§ Stored records:
========

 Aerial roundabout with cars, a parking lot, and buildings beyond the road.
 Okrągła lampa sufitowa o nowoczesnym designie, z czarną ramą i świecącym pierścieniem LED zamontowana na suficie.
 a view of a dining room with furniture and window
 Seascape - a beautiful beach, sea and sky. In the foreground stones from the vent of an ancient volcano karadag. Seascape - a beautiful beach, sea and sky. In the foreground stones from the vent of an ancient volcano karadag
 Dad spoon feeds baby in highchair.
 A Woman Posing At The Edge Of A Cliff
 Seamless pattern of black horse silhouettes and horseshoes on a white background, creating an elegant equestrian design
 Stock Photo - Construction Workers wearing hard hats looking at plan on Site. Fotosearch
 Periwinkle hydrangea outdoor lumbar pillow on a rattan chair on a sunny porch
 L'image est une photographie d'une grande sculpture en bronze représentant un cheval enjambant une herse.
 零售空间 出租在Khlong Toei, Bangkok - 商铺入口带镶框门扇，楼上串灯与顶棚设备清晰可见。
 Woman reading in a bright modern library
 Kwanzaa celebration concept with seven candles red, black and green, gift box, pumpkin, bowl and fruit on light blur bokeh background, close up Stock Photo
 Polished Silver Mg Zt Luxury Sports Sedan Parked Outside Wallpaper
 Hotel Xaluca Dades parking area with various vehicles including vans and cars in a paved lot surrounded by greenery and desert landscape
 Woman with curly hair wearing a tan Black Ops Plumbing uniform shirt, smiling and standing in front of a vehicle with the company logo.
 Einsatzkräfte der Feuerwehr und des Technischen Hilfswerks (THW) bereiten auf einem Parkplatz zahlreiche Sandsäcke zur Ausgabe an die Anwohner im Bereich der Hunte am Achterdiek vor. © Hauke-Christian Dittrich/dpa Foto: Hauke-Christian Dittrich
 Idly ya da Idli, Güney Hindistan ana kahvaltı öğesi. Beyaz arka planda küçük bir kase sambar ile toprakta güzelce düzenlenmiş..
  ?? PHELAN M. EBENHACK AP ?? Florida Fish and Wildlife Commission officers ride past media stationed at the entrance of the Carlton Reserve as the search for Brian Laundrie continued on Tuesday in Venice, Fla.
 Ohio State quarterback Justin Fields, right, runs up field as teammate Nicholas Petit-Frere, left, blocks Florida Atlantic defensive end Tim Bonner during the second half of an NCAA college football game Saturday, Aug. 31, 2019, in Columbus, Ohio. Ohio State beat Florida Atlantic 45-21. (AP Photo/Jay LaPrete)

========

§ Problem details: Go through the entries and copy every line with "wearing".

§ Result of the task:
 Stock Photo - Construction Workers wearing hard hats looking at plan on Site. Fotosearch
 Woman with curly hair wearing a tan Black Ops Plumbing uniform shirt, smiling and standing in front of a vehicle with the company logo.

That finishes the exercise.